Op 29 april 1942 kondigen de nazi’s een nieuwe vernedering voor de Joodse Nederlanders aan. Vanaf 3 mei moeten zij een herkenningsteken dragen: een zespuntige gele Davidster met in het midden het woord ‘Jood’.
Door de ster zijn mensen als Jood op straat te herkennen. De Duitse bezetter wil hiermee Joden verder afzonderen van de niet-Joodse Nederlanders. Het niet dragen van de ster wordt streng bestraft. Je kan ervoor naar een concentratiekamp gestuurd worden.
De Joodse Raad krijgt de opdracht in drie dagen de sterren te verspreiden onder de Joodse Nederlanders. Zij zijn verplicht vier sterren per persoon te kopen voor vier cent per stuk. Kinderen vanaf 6 jaar moeten hem al dragen. In totaal worden 569.355 Jodensterren verspreid.

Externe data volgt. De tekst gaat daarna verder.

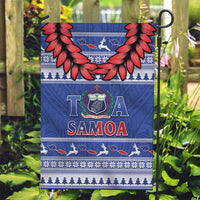 Toa Samoa Rugby Christmas Garden Flag Ula Fala Samoan Pattern Blue - Polynesian Pride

Sommige Joden dragen de ster met trots, veel anderen ervaren het als een vernedering. Ook onder niet-Joodse Nederlanders maakt de nieuwe maatregel wat los. Er zijn mensen die protesteren door een zelfgemaakte ster met ‘katholiek’ of ‘ariër’ te dragen. Anderen groeten Joden op straat of staan hun zitplek in de tram af. Maar na enige tijd neemt de verontwaardiging af en groeit de kloof tussen Joden en niet-Joden.